Sem notícias do pai desde segunda, 27 de fevereiro, as duas filhas visitaram a terra de Sebastião para procurá-lo. Não o encontraram, mas viram toda sua plantação de cacau destruída pelos tratores
Publicado em 01 de março de 2012
Por Xingu Vivo
O agricultor Sebastião Pereira, marido de Maria das Graças Militão, proprietária de dois lotes de terra que hoje pertencem à Norte Energia, localizados onde agora se constrói o canteiro de obras do Sítio Pimental da Usina Hidrelétrica Belo Monte, foi expropriado, não recebeu indenização, foi ameaçado de morte e está desaparecido desde segunda-feira, dia 27 de fevereiro.Por Xingu Vivo

O agricultor em sua casa, dois dias antes de desaparecer
Isso aconteceu em setembro passado. Sebastião ainda não recebeu o dinheiro que deveria ter sido pago pela empresa.
Sebastião, 67 anos, está desaparecido. É agricultor. Cultivava cacau, açaí, abacaxi, castanhas. Suas plantações foram destruídas pelas máquinas que constroem a Usina Hidrelétrica Belo Monte. Havia uma sentença judicial, baseada em um Decreto de Utilidade Pública (DUP) emitido pelo governo federal, que permitia a empresa a expropriá-lo, destruir sua casa e espoliá-lo, sem que recebesse a indenização.
Sebastião, no entanto, nunca saiu de sua terra. Tem uma personalidade forte e singular, e com ela construiu boa relação com os funcionários do consórcio – estes permitiam que ele transitasse por sua terra e utilizasse as estradas privatizadas dos canteiros, mesmo depois de ter sido expropriado. Conseguia todo tipo de carona – para ele e o escoamento da produção.
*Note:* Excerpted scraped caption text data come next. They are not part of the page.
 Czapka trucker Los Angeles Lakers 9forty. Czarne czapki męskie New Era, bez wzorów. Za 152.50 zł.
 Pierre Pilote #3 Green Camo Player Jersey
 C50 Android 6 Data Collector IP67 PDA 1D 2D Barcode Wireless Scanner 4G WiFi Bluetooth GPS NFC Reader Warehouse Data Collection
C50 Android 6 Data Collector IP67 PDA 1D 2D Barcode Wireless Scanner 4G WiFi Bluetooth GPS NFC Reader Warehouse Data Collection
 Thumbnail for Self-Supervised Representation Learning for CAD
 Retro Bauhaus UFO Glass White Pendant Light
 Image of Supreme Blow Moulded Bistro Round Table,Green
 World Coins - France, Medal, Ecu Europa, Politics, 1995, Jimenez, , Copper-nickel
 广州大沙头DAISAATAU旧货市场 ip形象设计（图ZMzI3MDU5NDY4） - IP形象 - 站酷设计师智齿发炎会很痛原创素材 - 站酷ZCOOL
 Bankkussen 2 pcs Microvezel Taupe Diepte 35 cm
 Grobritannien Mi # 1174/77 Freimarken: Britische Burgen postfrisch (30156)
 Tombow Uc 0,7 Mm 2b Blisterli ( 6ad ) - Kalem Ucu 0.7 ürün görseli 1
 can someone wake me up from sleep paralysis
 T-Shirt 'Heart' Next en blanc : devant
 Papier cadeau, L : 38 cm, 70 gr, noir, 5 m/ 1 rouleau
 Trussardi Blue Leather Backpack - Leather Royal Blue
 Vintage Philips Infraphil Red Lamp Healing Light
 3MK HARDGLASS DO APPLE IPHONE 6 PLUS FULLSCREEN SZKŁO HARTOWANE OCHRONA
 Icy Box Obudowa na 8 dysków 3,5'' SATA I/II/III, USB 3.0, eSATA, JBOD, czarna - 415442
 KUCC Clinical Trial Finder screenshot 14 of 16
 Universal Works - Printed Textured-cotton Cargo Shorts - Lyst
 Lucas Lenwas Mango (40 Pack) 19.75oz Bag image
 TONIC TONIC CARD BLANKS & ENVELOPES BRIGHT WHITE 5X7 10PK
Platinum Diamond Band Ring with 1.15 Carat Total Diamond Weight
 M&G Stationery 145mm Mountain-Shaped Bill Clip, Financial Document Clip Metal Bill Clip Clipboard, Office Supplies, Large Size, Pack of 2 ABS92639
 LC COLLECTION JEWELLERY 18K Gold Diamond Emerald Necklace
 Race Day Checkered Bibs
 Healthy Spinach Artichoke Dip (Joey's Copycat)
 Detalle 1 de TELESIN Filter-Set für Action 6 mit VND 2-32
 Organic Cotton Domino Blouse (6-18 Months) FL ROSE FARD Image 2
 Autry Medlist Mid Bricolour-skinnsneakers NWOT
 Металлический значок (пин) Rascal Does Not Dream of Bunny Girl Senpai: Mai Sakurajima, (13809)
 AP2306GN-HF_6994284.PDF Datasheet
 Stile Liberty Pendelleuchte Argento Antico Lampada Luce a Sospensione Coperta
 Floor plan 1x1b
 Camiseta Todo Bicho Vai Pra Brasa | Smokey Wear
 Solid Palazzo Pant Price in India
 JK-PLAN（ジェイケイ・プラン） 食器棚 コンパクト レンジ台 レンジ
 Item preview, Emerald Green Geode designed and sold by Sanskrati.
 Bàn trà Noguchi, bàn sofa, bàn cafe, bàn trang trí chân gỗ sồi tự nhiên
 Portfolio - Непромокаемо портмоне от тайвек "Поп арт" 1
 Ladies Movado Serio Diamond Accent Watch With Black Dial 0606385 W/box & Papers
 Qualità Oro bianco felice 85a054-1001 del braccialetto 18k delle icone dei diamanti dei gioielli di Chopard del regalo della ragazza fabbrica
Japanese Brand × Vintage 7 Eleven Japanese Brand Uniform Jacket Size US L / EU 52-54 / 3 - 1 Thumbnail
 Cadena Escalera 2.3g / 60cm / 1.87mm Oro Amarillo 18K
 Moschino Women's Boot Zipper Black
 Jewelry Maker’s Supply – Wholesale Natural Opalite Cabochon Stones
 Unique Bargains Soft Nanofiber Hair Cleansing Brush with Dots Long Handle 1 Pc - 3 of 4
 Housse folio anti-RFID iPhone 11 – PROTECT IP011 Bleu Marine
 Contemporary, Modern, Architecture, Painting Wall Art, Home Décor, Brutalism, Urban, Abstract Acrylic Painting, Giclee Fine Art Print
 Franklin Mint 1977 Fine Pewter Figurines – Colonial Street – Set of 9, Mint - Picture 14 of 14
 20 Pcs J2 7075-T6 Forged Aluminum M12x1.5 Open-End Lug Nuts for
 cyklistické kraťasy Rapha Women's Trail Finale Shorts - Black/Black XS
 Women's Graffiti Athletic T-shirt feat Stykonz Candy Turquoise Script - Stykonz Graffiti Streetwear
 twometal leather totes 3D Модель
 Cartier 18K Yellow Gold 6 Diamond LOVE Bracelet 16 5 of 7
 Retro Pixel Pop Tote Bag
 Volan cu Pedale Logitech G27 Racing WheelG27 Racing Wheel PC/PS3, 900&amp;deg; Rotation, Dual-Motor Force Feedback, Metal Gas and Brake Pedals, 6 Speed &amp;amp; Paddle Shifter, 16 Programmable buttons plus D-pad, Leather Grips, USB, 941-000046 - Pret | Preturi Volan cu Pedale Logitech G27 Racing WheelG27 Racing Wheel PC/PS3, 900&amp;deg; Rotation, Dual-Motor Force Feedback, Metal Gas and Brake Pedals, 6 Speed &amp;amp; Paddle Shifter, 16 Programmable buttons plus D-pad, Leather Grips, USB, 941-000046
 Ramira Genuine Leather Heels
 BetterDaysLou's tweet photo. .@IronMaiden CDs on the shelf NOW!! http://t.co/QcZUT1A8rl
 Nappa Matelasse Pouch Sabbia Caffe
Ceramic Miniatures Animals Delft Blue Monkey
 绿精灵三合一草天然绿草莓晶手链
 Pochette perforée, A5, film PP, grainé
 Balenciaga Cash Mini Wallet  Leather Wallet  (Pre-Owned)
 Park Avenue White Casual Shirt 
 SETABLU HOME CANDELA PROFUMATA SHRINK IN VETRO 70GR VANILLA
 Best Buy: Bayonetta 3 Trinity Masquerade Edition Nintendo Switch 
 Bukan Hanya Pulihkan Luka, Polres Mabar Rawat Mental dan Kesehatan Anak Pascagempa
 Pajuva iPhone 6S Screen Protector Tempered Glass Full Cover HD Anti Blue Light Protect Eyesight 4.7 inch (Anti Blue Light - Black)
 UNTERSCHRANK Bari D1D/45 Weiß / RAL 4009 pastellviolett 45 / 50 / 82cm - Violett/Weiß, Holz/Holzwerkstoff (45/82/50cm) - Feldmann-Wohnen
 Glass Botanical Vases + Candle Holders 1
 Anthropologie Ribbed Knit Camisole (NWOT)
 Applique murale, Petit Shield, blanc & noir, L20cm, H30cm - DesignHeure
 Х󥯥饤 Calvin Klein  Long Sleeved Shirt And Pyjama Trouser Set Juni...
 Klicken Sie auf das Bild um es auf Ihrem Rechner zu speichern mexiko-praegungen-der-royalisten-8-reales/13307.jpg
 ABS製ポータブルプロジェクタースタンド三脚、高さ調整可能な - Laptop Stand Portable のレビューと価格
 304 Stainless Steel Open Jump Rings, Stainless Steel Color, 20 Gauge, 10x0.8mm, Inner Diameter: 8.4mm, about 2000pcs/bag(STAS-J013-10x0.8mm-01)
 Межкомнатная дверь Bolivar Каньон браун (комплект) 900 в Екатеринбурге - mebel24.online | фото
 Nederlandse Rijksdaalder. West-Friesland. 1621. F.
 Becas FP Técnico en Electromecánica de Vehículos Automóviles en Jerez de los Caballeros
Pura camaradagem e empatia. Enquanto isso, na cidade, sua esposa cuidava do processo judicial que reivindica a indenização e que pode levá-los a receber uma indenização menos injusta.

Estrada privativa por onde Sebastião acessava sua terra
Contudo, os guardas do canteiro não permitiram que ele entrasse.
Sebastião foi ameaçado de morte.
Segundo relato de um funcionário da empresa à família de Sebastião, o agricultor teria dito aos guardas que ele entraria de qualquer jeito, e que enquanto não o pagassem, ele não deixaria a terra e continuaria trabalhando lá: “Vocês só derrubam o meu cacau se me matarem primeiro”. “Então é isso o que vai acontecer com você. Você vai morrer”, teria sido a resposta dos guardas. No impasse, Sebastião entrou pela mata, abrindo uma picada com o facão. Desde então, não foi mais visto.

Filha de 14 anos percorre cacaueiro cultivado pelo pai

Em silêncio, seguranças e encarregados ouvem aos questionamentos da filha de Sebastião
As meninas choravam muito pisando o cacau caído, como gente grande. Em casa, o filhinho, 5, chorava muito como o menininho que era. A mãe vestia uma camisa do Sepultura, do filho mais velho, maquiagem borrada. E vão esperando Sebastião chegar.
Mas Sebastião, que nasceu em Alagoas, que mudou para São Paulo e para o Paraná e para o Mato Grosso e enfim para o Pará, onde afinal plantou o cacau que o dava de comer e ensinou a filha a tocar guitarra, ainda não veio.